Despite U.S. resistance and Russian laws against radioactive
waste imports, Russia's Nuclear Energy Minister shows maniacal
persistence soliciting support for the idea
More evidence of the determination of Atomic Energy boss, Yevgeny
Adamov, to amend Russian environmental law in favour of spent
nuclear fuel imports appeared in a March letter obtained by Russia's
biggest NGO, Socio-Ecological Union.
In the letter addressed to Prime Minister Yevgeny Primakov,
Adamov expounds the merits he believes exist in the import and
reprocessing of spent fuel from the world's nuclear reactors.
Adamov encourages Primakov to consider that the world's nuclear
power plants generate 10,000 tons of spent fuel annually, the
Russian reprocessing of which would net huge sums of money.
"Management of this fuel has a potential of $10-15 billion
a year," Adamov wrote, and concluded by suggesting the only
roadblock to a dollar-green paradise is current Russian environmental
SEU's Vladimir Slivyak, who obtained the letter, told Bellona
Web that the letter was just a continuation of Adamov's promotion
of the idea in the government.
Early this year, U.S. Energy Secretary, Bill Richardson, turned
down a proposition from Adamov for the storage and reprocessing
of US spent nuclear fuel in Russia filed in December 1998. Richardson
reportedly cited a violation of U.S. non-proliferation policy
in his rejection of the idea.
Tom Meartens, the American consul, confirmed the stated position
of his government in a response to an SEU query.
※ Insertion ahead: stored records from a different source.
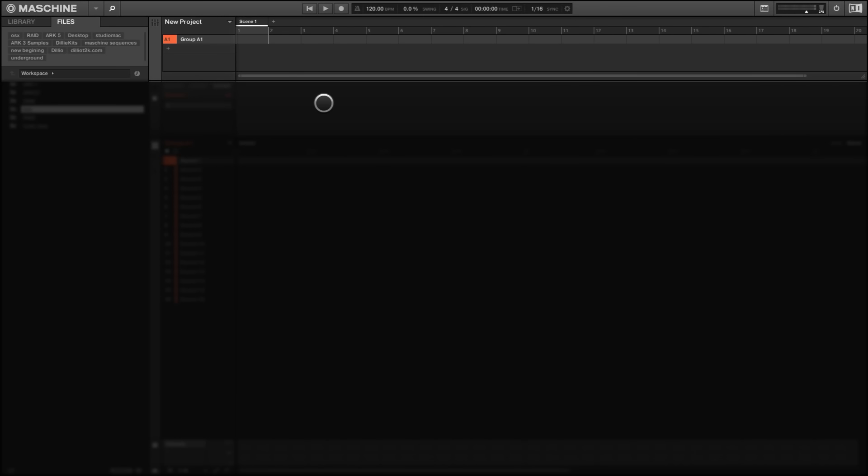Hey what's up everybody, Dilliot2k of Dilliot2k.com going through a quick tutorial on how to install them cords for your MK1, MK2 both editions and also the studio. Now basically what we're going to do is continue on from the step of actually downloading the folder.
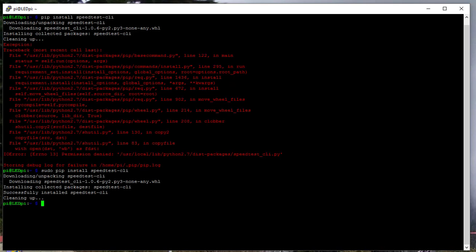Once the installation is complete, running a speedtest on the command line is super easy. All you type is speedtest-cli.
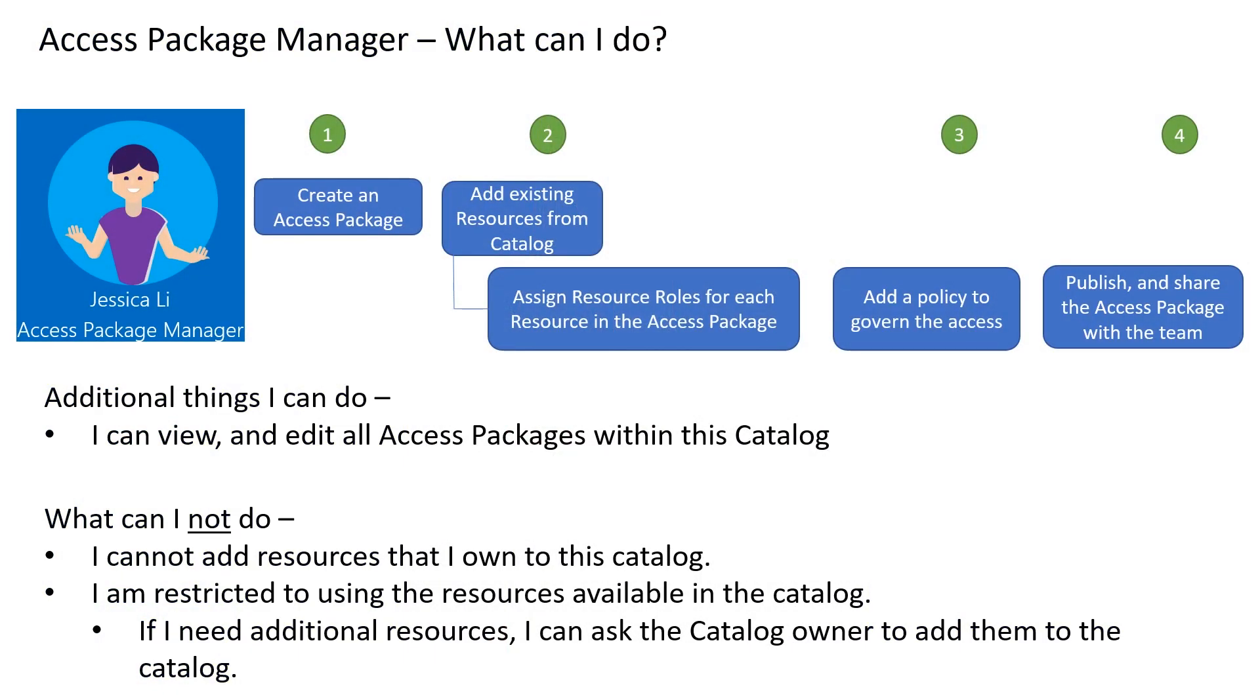As the access package manager, I can see and manage other access packages in the marketing catalog. But not in any other catalog. Also, other access package managers in this catalog will be able to manage the package I just created.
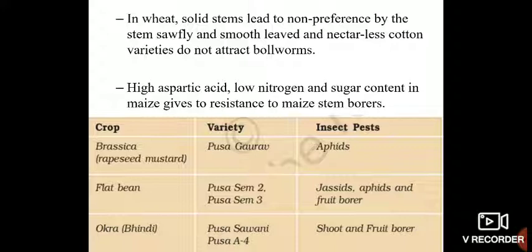One more important biochemical feature that helps plants resist insect attack is high aspartic acid content, low nitrogen and sugar content in maize leaves, which confers resistance to maize stem borers. In maize, high aspartic acid content — an amino acid — combined with low nitrogen and low sugar content in leaves means the plant won't be affected by maize stem borers.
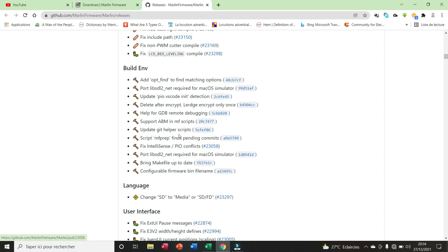Update Git helper script, etc. We have configurable firmware bin file, etc.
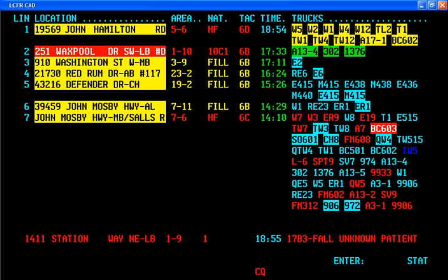Geocoding varies in accuracy depending on data sources and vendors. It normally takes years of work and planning before a system is implemented. Modern geocoded systems will often display service vehicle locations, the location of service calls, and the locations of callers on a map. This helps to disambiguate calls for service and reduces the likelihood of dispatching two reports of a single call for service as two separate calls.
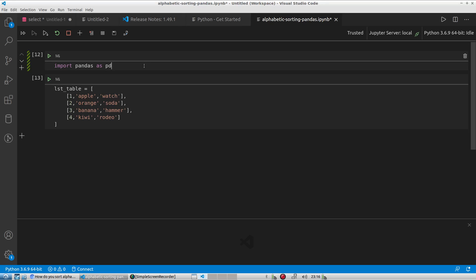So in this video, I'm going to answer the question, or the very specific question, how do you sort alphabetically in pandas?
He wrote: "In
accordance with our non-proliferation policy, the U.S. does not
engage in plutonium processing for either nuclear power or nuclear
explosive purposes and opposes the shipment of U.S. spent fuel
to other countries for reprocessing."
Adamov's proposal included the option of storing reprocessed
waste permanently in Russia or sending it back to the U.S., as
Russian regulations currently require. It came shortly after Minatom
signed a confidential protocol with German and Swiss companies
which outlined a plan for shipments of spent nuclear fuel and
nuclear waste from Europe to reprocessing and storage facilities
Environmental law faces May onslaught Russian Environmental
Law (Sec 3, Art.50) prohibits the import of foreign nuclear waste.
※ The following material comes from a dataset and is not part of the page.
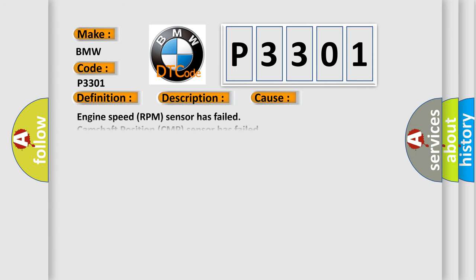This diagnostic error occurs most often in these cases: Engine speed RPM sensor has failed, Camshaft position CMP sensor has failed, Power supply relay is shorted to an open circuit, There is a malfunction in voltage supply, Ignition coil pack is damaged or it has failed, or Cylinder 1 to 4 Fuel injector issues.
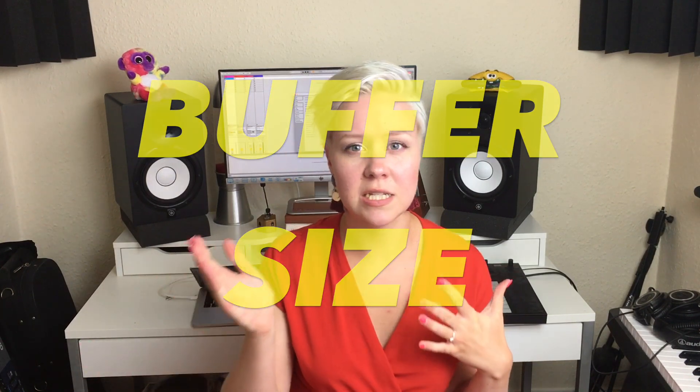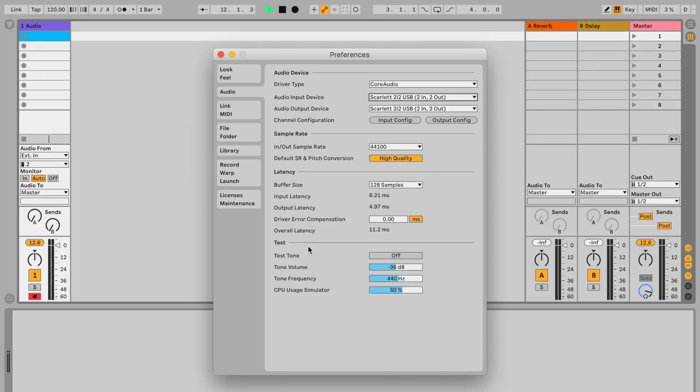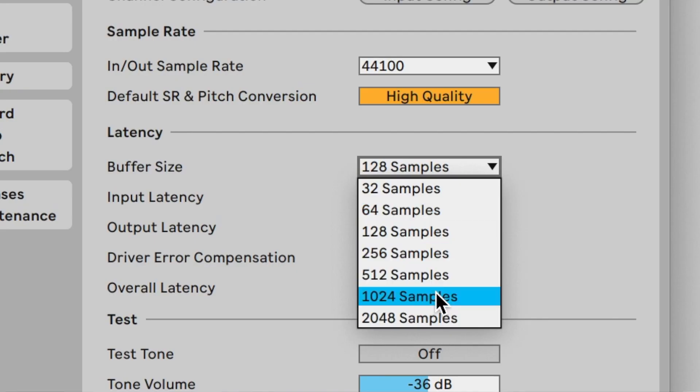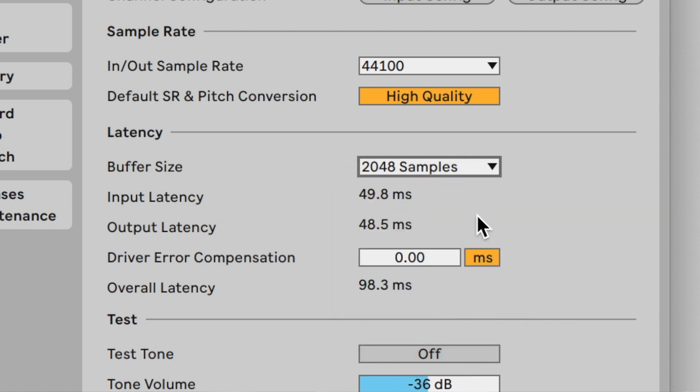The next thing is to go to your audio settings and check your buffer size. When you're recording, you want to keep the buffer size as low as possible — I usually go around 100 to 200 to 500. The lower you go, the less latency, but the more CPU it uses. When you're mixing, you can keep it on a higher buffer size so everything is smoother and clearer. So: lower buffer size when recording, higher when mixing.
Presidential decree No. 733 dated 29 June 1995 obliges Minatom
to return any radioactive waste generated during the reprocessing
of spent fuel to its country of origin within 30 years.
Minatom hopes to change the way spent fuel is classified under
existing laws - from waste to resource or raw material - creating
a loophole in environmental legislation through which spent fuel
imports could pass.
Recent statements from Adamov suggest a concerted attack on
environmental legislation is about to begin. Russian Duma member
and deputy chair of the Parliamentary Environmental Commission,
Vladimir Tetelmin, told Bellona Web that plans to divide nuclear
waste and spent nuclear fuel do exist for a revised edition of
Russian Environmental Law. He said it would not bring about the
import of foreign spent fuel.
"Waste from reprocessed spent fuel will be returned to
the country of origin according to Russian legislation,"
Tetelmin told Bellona Web. "I doubt Western Europe would
have it (spent fuel) back, therefor there won't be any contracts."
Telinin's assurances might sound foolhardy if Minatom is encouraged
by a legislative victory that establishes a benign legal meaning
for spent fuel. Tempted by such success, Minatom would likely
seek a final victory by abolishing the presidential decree forbidding
the permanent storage of foreign reprocessed nuclear waste.
"Minatom has crafty ways of misleading the Russian government
in an attempt to turn the country into a world nuclear dumpsite.
We appeal to all the state bodies responsible for the security
of the country to stop immediately the crimina lactivity of Nuclear
Minister Yevgeny Adamov,' an SEU press release quoted Slivyak
Minatom's activities have already received support in the Duma.
Minatom lobbyists maintain that the logic behind importing radioactive
waste is to secure funds for solving radiation safety hazards
"We will have a minor increase of nuclear waste in comparison
to what we have today by importing it to Russia, but this minor
amount will help us to tackle the rest of the shit (radioactive
hazards),' a Minatom lobbyist argued.
Most Duma members are apt to subscribe to Minatom's logic amid
the country's continuing economic crisis.